Generieke regelingen
Projecten die volledig uit onderzoek bestaan, komen in aanmerking voor 50 procent subsidie over de Nederlandse projectkosten, met een maximum van 1,5 miljoen euro. Projecten die naast onderzoek ook ontwikkelactiviteiten bevatten, komen in aanmerking voor 25 procent subsidie. De meeste regelingen zijn vanuit het beleid zo generiek mogelijk gemaakt. "Dit betekent dat het niet alleen om it gaat. We hebben weinig regelingen die speciaal gericht zijn op bijvoorbeeld softwareontwikkeling. Daarnaast wordt de subsidiëring van uitbesteding niet direct gezien als een taak van de overheid", aldus Manning.

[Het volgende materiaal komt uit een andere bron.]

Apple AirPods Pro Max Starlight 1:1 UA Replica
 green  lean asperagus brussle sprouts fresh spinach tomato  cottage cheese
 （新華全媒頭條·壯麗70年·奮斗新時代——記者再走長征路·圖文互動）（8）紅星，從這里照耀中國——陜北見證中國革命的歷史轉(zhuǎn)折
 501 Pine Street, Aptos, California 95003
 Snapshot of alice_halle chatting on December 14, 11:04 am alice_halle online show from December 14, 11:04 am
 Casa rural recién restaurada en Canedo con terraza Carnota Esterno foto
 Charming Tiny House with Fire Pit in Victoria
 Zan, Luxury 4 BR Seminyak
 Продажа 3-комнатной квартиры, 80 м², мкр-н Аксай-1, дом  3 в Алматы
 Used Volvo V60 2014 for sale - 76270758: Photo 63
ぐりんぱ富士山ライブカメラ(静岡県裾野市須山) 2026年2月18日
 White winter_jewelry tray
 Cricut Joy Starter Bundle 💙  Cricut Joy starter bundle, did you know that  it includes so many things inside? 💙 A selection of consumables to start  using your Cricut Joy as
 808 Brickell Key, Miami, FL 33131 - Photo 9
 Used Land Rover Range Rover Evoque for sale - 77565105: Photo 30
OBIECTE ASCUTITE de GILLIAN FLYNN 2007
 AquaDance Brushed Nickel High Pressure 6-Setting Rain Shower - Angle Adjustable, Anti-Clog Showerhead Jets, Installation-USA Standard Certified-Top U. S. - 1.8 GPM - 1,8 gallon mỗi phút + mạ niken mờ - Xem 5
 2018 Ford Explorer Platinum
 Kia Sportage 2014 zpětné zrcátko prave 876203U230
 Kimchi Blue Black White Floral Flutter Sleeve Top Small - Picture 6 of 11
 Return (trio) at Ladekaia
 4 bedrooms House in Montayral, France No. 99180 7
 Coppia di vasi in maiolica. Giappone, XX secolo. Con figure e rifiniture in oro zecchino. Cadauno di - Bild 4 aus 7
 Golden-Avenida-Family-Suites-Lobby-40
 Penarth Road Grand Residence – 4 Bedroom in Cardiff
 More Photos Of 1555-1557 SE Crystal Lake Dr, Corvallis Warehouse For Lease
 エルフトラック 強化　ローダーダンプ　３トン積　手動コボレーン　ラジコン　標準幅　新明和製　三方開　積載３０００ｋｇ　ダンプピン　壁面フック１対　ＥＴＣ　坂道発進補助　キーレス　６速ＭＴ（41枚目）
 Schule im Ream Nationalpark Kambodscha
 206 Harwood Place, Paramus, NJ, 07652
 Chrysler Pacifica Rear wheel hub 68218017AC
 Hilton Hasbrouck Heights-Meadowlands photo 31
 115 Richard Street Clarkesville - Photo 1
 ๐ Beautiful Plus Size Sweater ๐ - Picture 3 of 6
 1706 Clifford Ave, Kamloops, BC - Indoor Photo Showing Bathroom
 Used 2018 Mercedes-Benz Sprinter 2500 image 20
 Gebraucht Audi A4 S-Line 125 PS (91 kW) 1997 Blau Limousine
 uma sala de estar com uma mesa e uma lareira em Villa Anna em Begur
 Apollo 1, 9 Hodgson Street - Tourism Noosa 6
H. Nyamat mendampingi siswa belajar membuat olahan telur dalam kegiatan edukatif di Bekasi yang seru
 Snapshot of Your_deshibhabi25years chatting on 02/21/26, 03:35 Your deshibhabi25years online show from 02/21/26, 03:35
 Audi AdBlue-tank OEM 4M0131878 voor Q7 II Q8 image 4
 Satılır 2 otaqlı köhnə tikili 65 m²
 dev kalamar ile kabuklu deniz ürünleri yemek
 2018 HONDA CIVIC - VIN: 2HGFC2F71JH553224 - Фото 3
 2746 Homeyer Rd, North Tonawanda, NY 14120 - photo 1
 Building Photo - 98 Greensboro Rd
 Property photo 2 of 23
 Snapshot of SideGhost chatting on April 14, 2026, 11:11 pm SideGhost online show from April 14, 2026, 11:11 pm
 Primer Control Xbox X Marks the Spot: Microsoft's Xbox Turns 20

Er zijn een aantal eisen waaraan een bedrijf moet voldoen, wil het in aanmerking komen voor een subsidie van Senter. Manning: "Het bedrijf moet in Nederland gevestigd zijn. Voor de Technologische Samenwerking moeten bedrijven samenwerken op gelijkwaardige basis. Er moet sprake zijn van technologische innovatie en het project moet marktgericht zijn; de investeringen moeten terugverdiend worden." In totaal kent Senter zo’n 85 verschillende regelingen. Voor de regeling Technologische Samenwerking krijgt het negentig tot honderd subsidieaanvragen per jaar. "Daarvan zijn vijftien projecten gericht op opkomende markten. De rest is projecten binnen het kader van Eureka, dat is geografisch Europa, Israël en Turkije. Dat zijn er zo’n zeventig, waarvan eenderde it-gerelateerd is. Als ik het alleen over softwareprojecten zou hebben, kom ik uit op ongeveer zeven projecten per jaar. Dat zijn dan wel vaak grote internationale projecten die tientallen miljoenen kosten."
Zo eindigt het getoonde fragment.